Directions for this task
In your copy of the records, include every word exactly and no pictures.

Image-caption web data
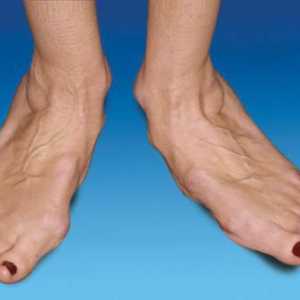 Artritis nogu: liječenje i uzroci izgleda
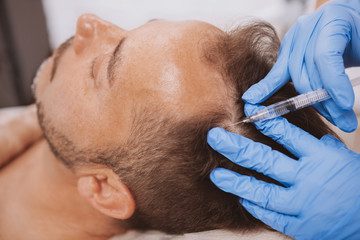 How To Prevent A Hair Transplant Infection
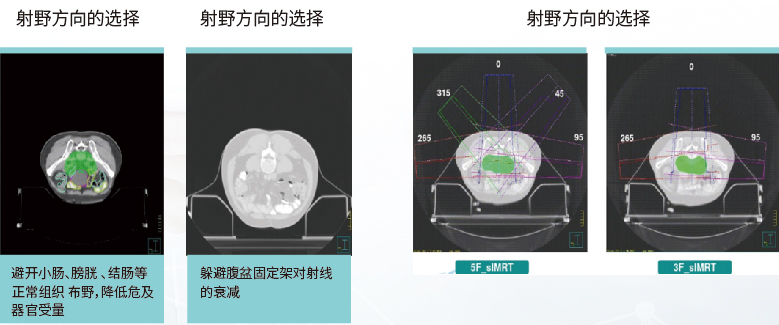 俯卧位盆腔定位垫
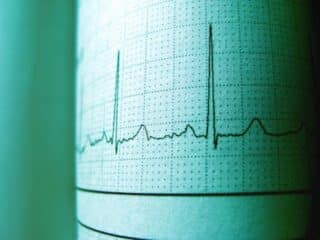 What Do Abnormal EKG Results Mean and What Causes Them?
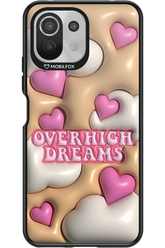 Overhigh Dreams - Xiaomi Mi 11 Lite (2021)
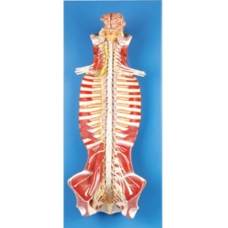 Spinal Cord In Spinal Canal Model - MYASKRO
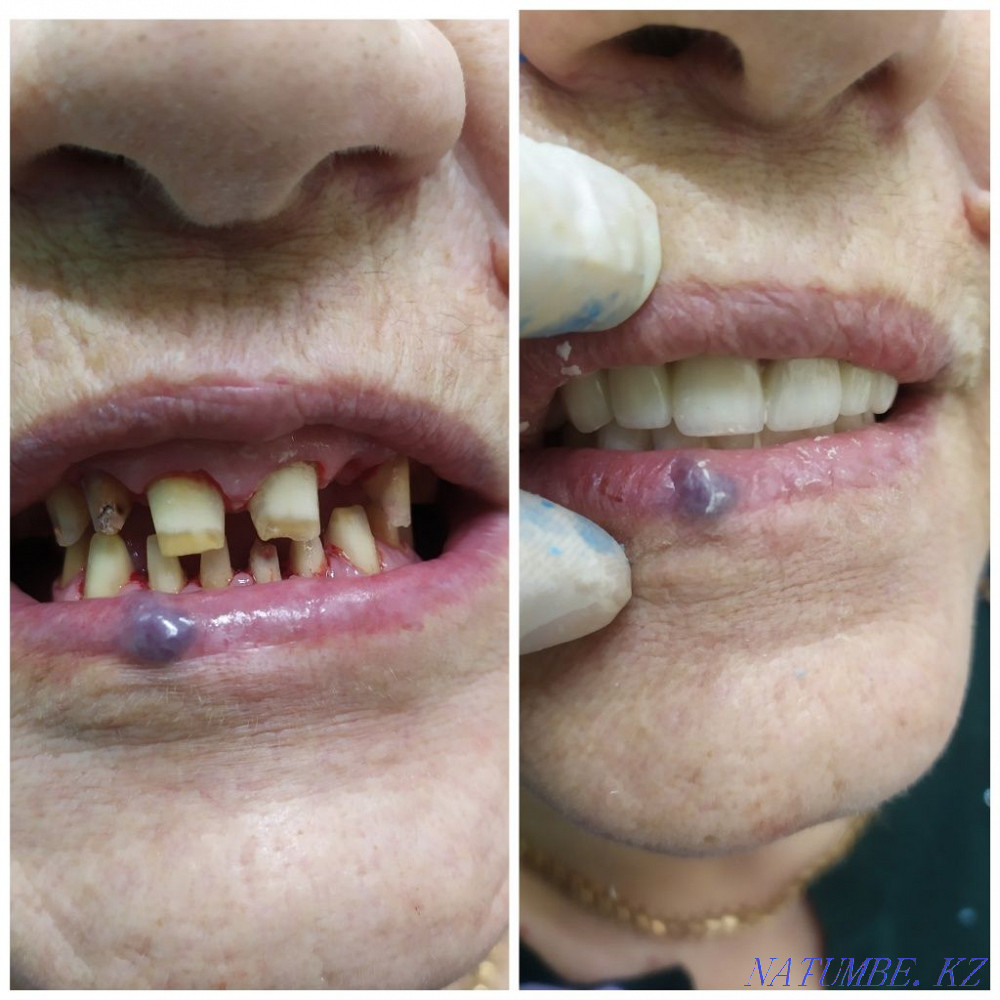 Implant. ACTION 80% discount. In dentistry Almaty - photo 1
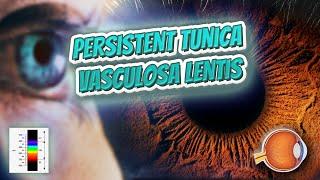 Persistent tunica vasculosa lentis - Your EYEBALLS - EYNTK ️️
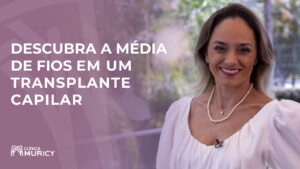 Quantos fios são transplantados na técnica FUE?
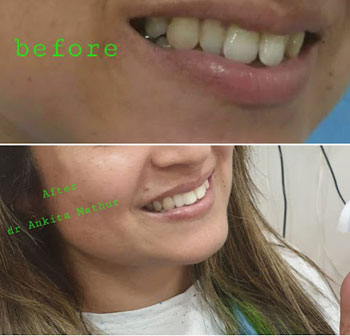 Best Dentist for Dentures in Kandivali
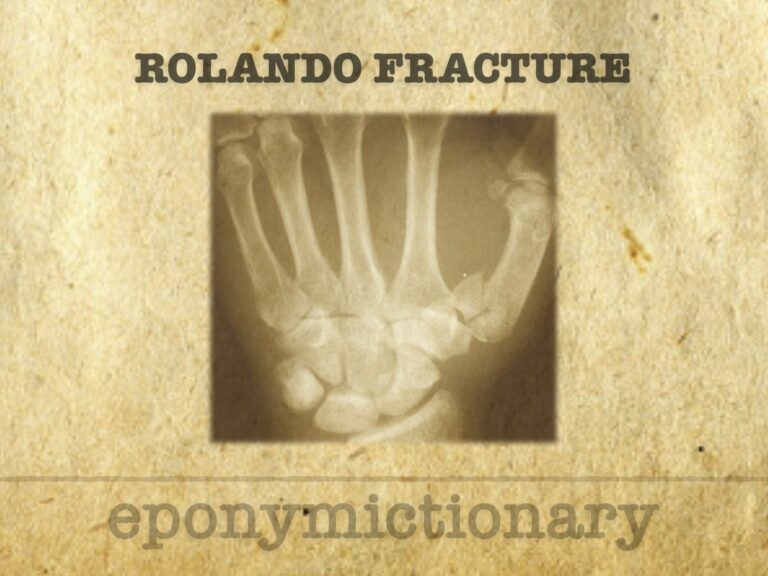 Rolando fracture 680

Answer
 Artritis nogu: liječenje i uzroci izgleda
 How To Prevent A Hair Transplant Infection
 俯卧位盆腔定位垫
 What Do Abnormal EKG Results Mean and What Causes Them?
 Overhigh Dreams - Xiaomi Mi 11 Lite (2021)
 Spinal Cord In Spinal Canal Model - MYASKRO
 Implant. ACTION 80% discount. In dentistry Almaty - photo 1
 Persistent tunica vasculosa lentis - Your EYEBALLS - EYNTK ️️
 Quantos fios são transplantados na técnica FUE?
 Best Dentist for Dentures in Kandivali
 Rolando fracture 680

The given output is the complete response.